Au soutien de leurs prétentions, les demandeurs développent l’argumentation suivante:
-la société COTA TEXTIL, destinataire des marchandises litigieuses, a été fournie par la société MIROBRIGA TEXTEIS, ce que celle-ci a nié,
-les marques Pierre Cardin sont reproduites ou imitées sur les caleçons et sur leurs emballages, et sur les chaussettes,
-les produits marqués ont été commercialisés sans le consentement du titulaire,
-les faits de contrefaçon sont constitués,
-la société portugaise n’a pas respecté le contrat de licence la liant à la société de gestion Pierre Cardin,
-la saisie douanière a porté sur plus de 7000 articles, mais la société défenderesse n’a communiqué aucun élément sur l’origine de ces
marchandises, ni sur les conditions de leur commercialisation, de sorte que la demande au titre du droit d’information est justifiée,
-les préjudices de chacun des défendeurs résultant respectivement de la contrefaçon et de la violation du contrat de licence, doivent être réparés.
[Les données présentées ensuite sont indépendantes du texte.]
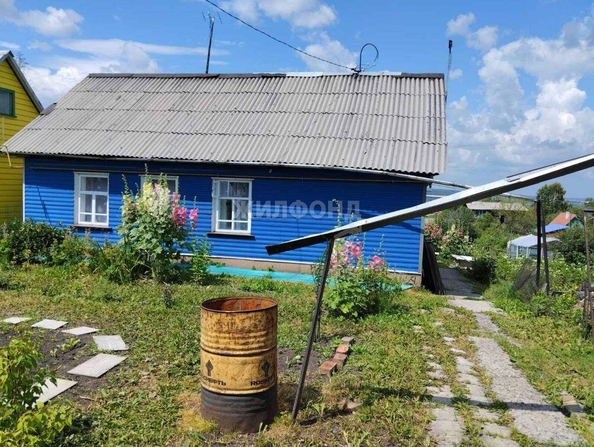 
   Продам дом, 51.7 м², Новокузнецк

. Фото 1.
Par acte du 08 novembre 2016, les demandeurs ont régularisé la procédure à l’égard de Me Anibal D SANTOS A, mandataire de la société Mirobriga Texteis; objet d’une procédure collective. Cette affaire a été enrôlée sous le n° de RG 16/ 16457. Le mandataire de la société Portugaise régulièrement assigné par remise de l’acte suivant les modalités fixée au règlement CE n°1348/ 2000 du 29 mai 2000, et destinataire du pli recommandée qui lui a été adressé par l’huissier (accusé de réception signé le 15 novembre 2016) n’a pas constitué avocat.
La procédure a été clôturée le 10 janvier 2017 et l’affaire plaidée le 17 janvier 2017. Le 30 janvier 2017, Me Anibal D SANTOS A a constitué avocat, postérieurement à la clôture, sans signifier de conclusions.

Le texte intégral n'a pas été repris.